Top of AVAILABLE DATA

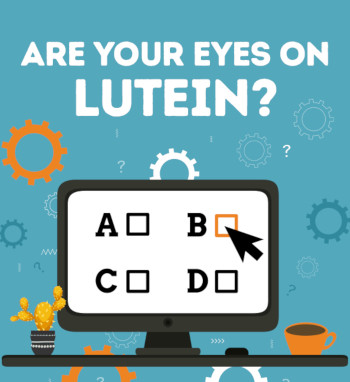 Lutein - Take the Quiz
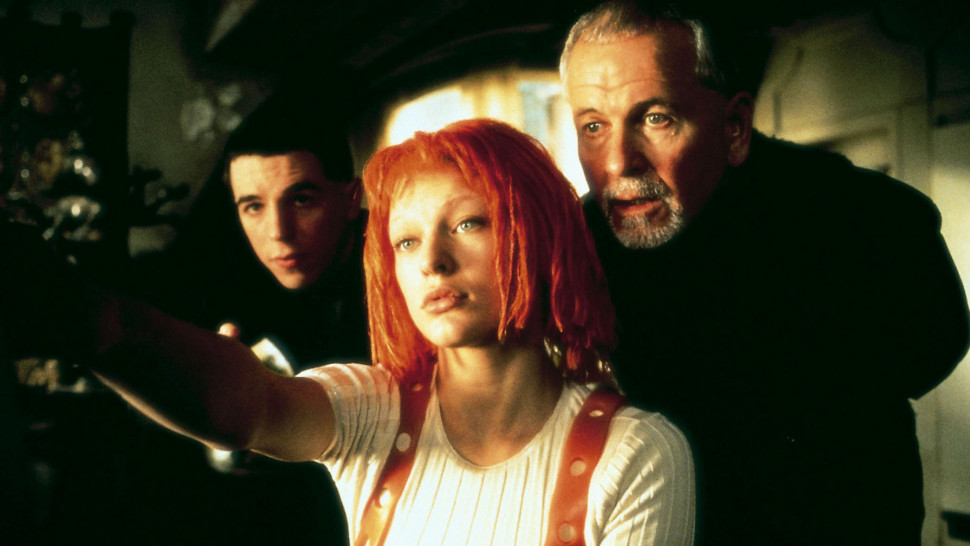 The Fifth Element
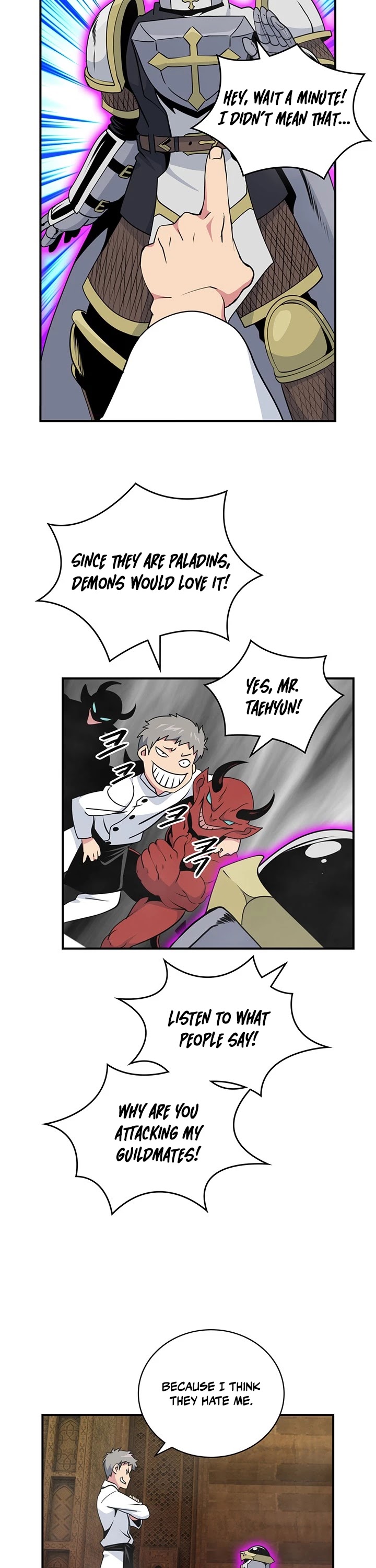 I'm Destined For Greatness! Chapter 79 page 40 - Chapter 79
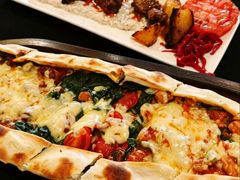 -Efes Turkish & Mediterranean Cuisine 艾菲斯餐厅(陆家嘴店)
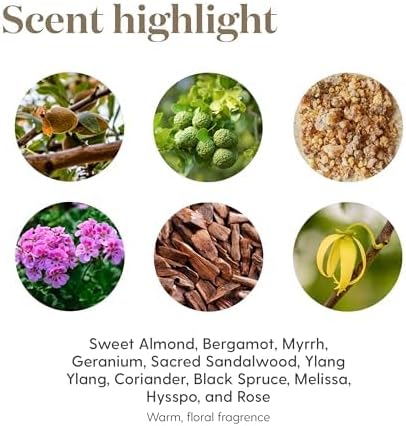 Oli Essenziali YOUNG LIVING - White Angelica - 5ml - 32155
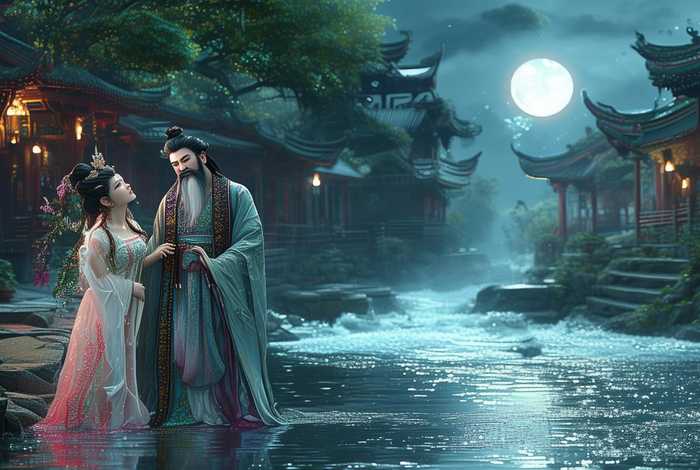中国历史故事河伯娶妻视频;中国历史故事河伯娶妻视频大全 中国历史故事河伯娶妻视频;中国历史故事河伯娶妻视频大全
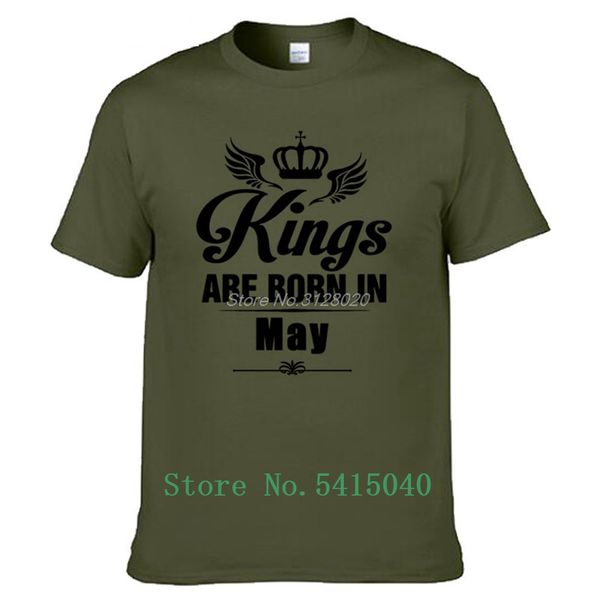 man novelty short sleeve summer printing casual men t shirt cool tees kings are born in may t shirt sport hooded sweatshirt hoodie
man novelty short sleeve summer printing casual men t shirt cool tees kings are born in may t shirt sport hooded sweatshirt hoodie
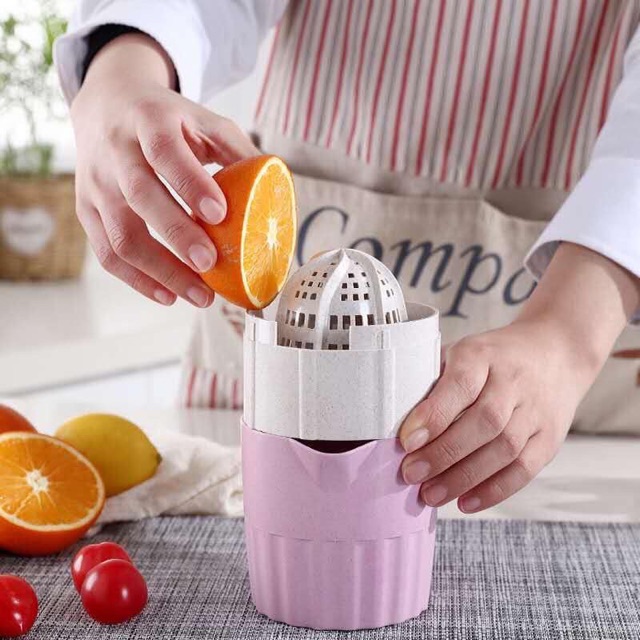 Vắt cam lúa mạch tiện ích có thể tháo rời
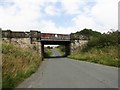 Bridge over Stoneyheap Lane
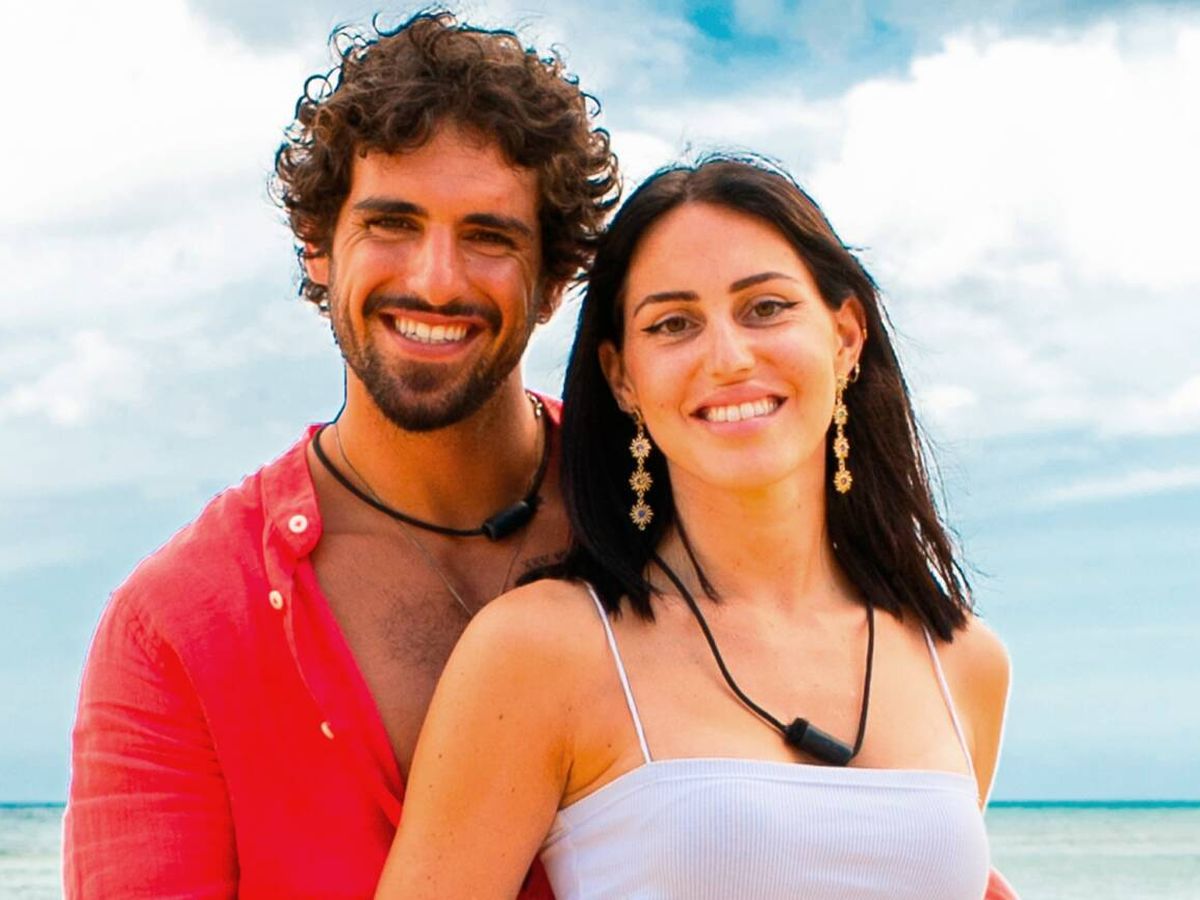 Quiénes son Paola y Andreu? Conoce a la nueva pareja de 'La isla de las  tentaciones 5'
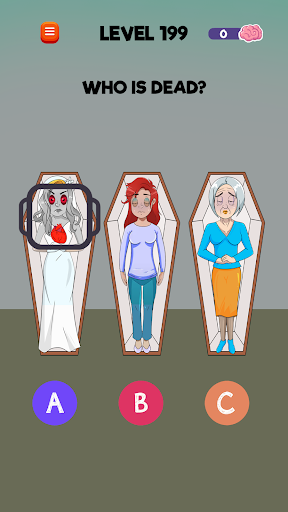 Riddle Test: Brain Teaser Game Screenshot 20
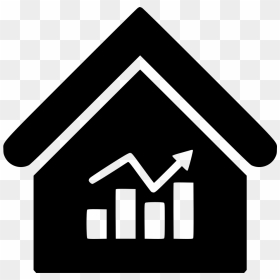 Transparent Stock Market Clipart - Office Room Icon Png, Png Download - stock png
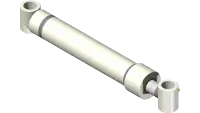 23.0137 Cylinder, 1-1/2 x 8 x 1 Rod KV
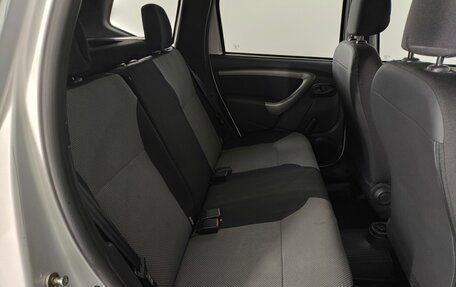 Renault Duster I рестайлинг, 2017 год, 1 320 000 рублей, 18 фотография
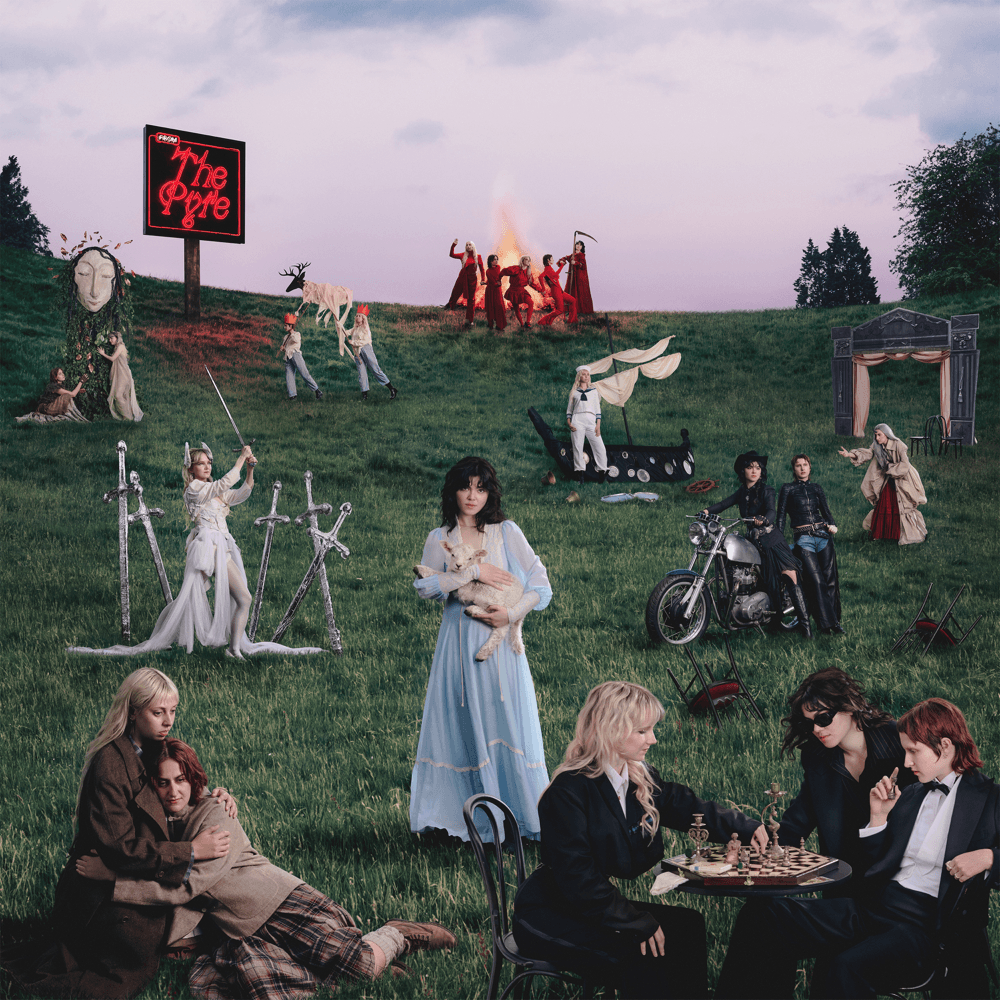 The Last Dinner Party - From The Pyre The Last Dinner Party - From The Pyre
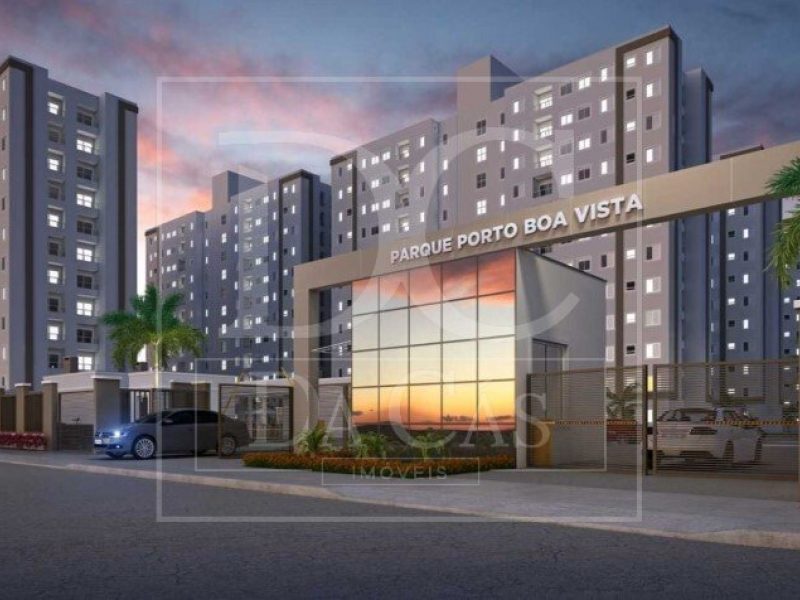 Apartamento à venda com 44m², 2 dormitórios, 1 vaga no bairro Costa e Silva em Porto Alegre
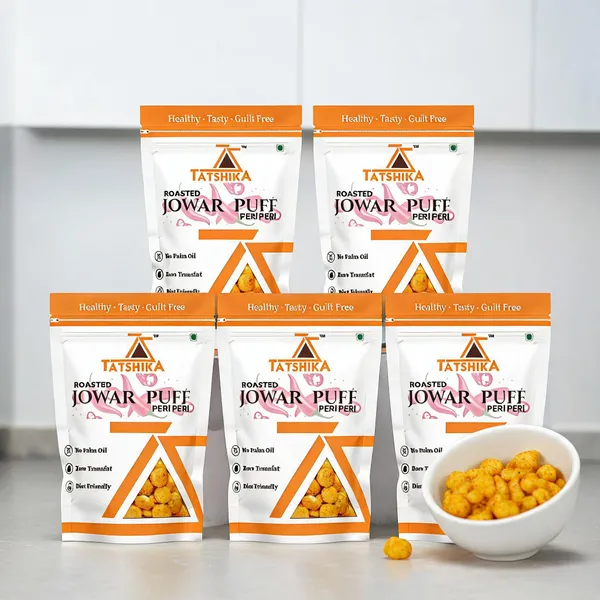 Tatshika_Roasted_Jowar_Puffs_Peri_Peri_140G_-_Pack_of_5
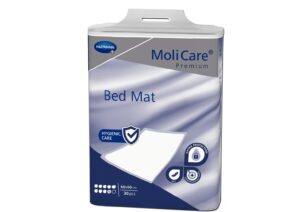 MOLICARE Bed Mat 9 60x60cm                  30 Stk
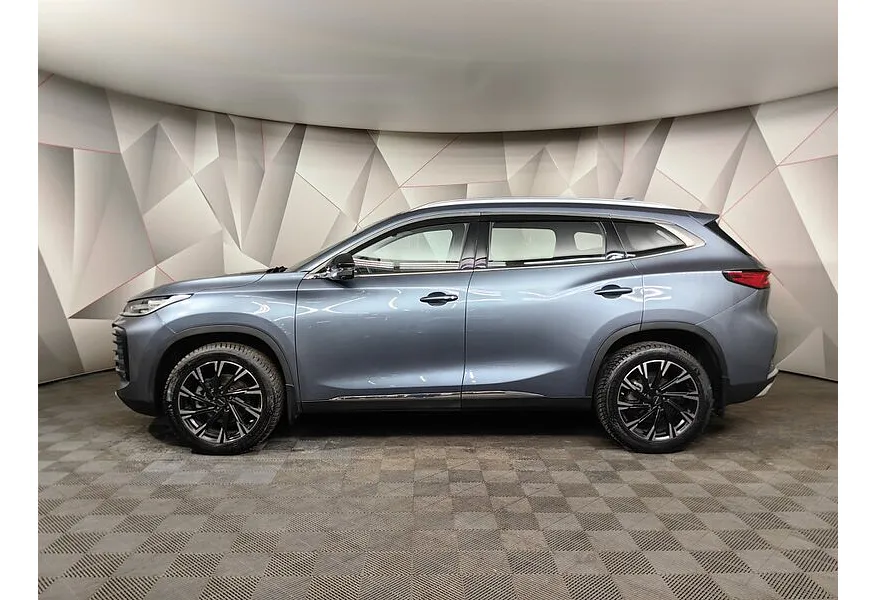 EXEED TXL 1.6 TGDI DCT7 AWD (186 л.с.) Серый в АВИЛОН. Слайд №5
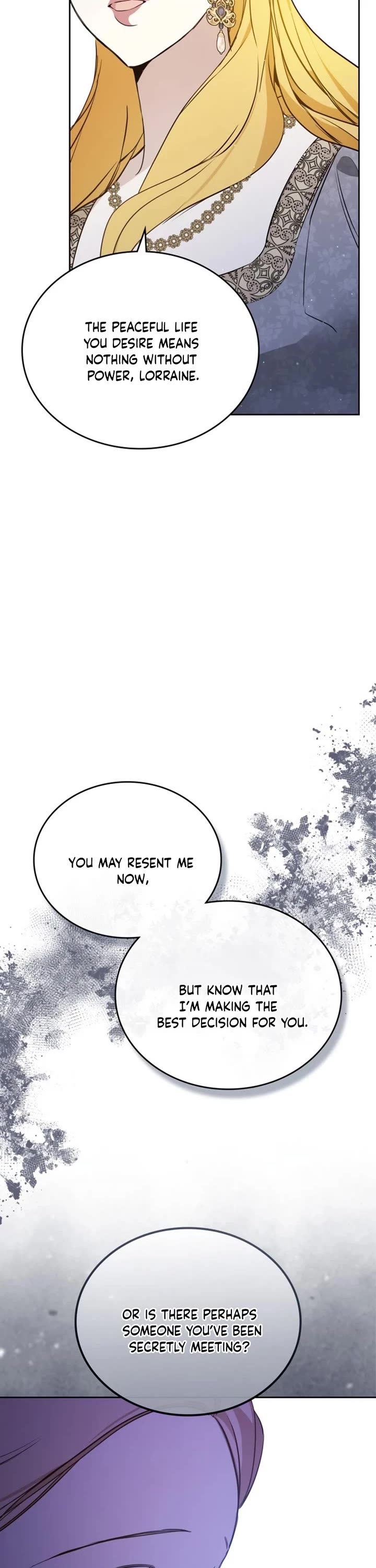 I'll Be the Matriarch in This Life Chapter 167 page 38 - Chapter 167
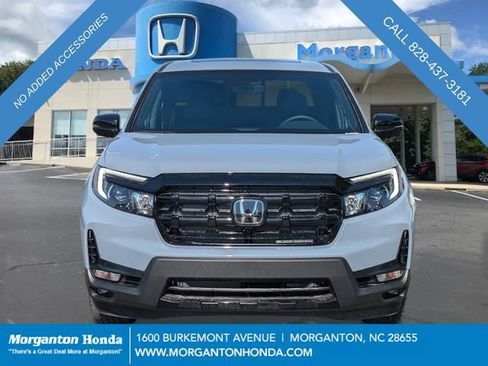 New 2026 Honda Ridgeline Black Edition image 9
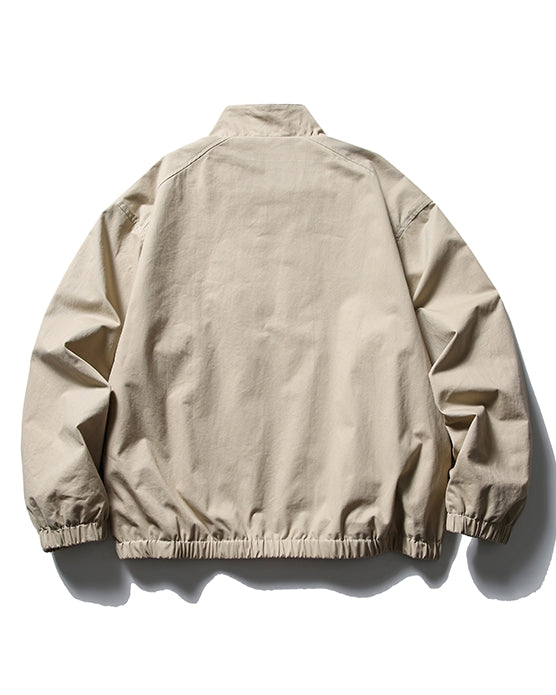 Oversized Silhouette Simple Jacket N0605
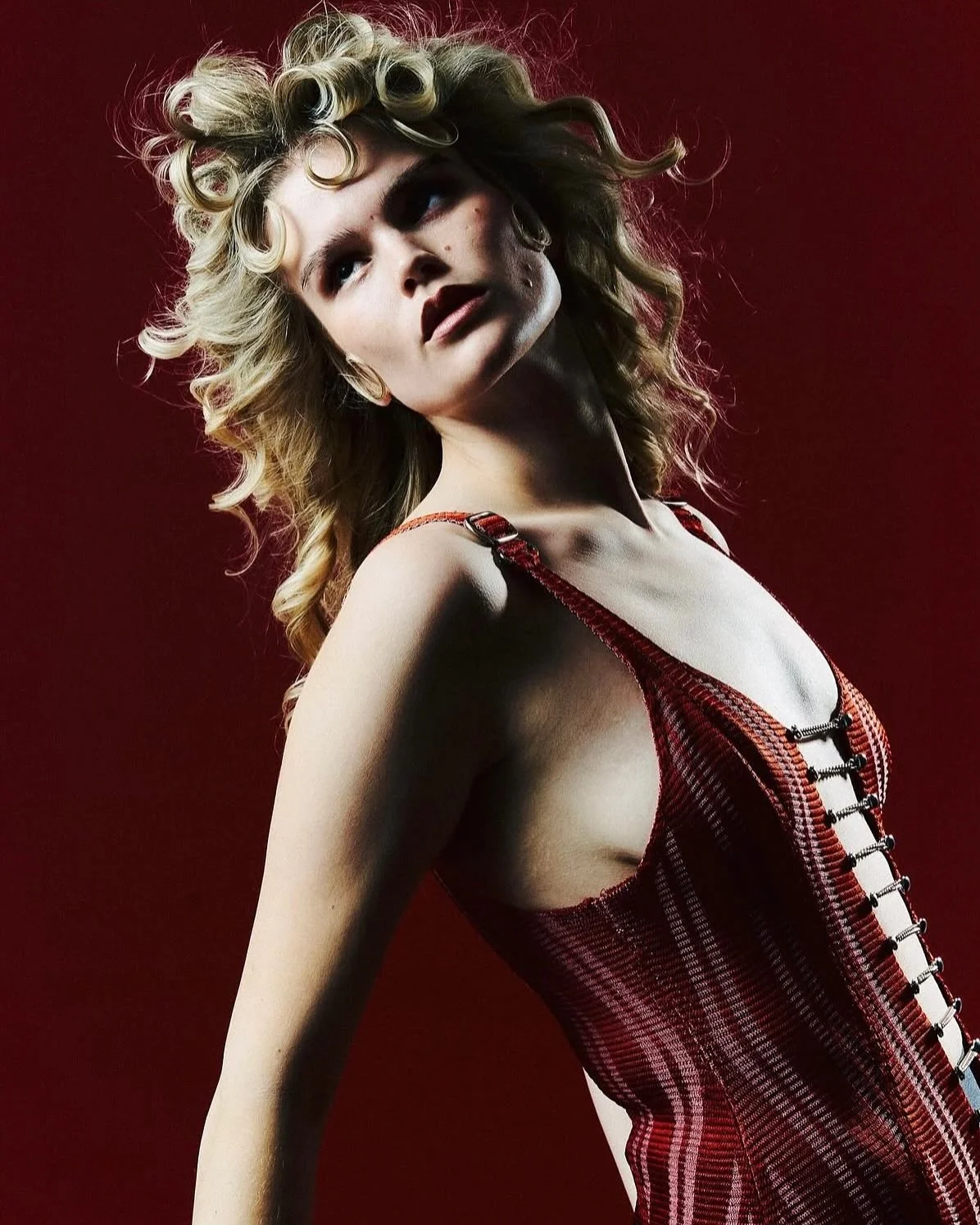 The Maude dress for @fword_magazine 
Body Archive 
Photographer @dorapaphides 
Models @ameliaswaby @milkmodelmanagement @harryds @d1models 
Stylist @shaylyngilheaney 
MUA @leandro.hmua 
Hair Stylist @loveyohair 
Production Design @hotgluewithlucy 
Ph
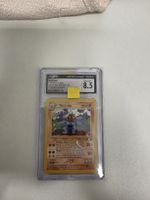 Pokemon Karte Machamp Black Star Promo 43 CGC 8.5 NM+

Bottom of AVAILABLE DATA

-- ABOUT THIS TASK --
Give back exactly the lines of the listing above from the one that contains "I'm Destined For" up to and including the one that contains "MOLICARE Bed Mat", but not the pictures, and no other lines.

-- EXPECTED ANSWER --
 I'm Destined For Greatness! Chapter 79 page 40 - Chapter 79
 -Efes Turkish & Mediterranean Cuisine 艾菲斯餐厅(陆家嘴店)
 Oli Essenziali YOUNG LIVING - White Angelica - 5ml - 32155
中国历史故事河伯娶妻视频;中国历史故事河伯娶妻视频大全 中国历史故事河伯娶妻视频;中国历史故事河伯娶妻视频大全
 man novelty short sleeve summer printing casual men t shirt cool tees kings are born in may t shirt sport hooded sweatshirt hoodie
man novelty short sleeve summer printing casual men t shirt cool tees kings are born in may t shirt sport hooded sweatshirt hoodie
 Vắt cam lúa mạch tiện ích có thể tháo rời
 Bridge over Stoneyheap Lane
 Quiénes son Paola y Andreu? Conoce a la nueva pareja de 'La isla de las  tentaciones 5'
 Riddle Test: Brain Teaser Game Screenshot 20
 Transparent Stock Market Clipart - Office Room Icon Png, Png Download - stock png
 23.0137 Cylinder, 1-1/2 x 8 x 1 Rod KV
 Renault Duster I рестайлинг, 2017 год, 1 320 000 рублей, 18 фотография
 The Last Dinner Party - From The Pyre The Last Dinner Party - From The Pyre
 Apartamento à venda com 44m², 2 dormitórios, 1 vaga no bairro Costa e Silva em Porto Alegre
 Tatshika_Roasted_Jowar_Puffs_Peri_Peri_140G_-_Pack_of_5
 MOLICARE Bed Mat 9 60x60cm                  30 Stk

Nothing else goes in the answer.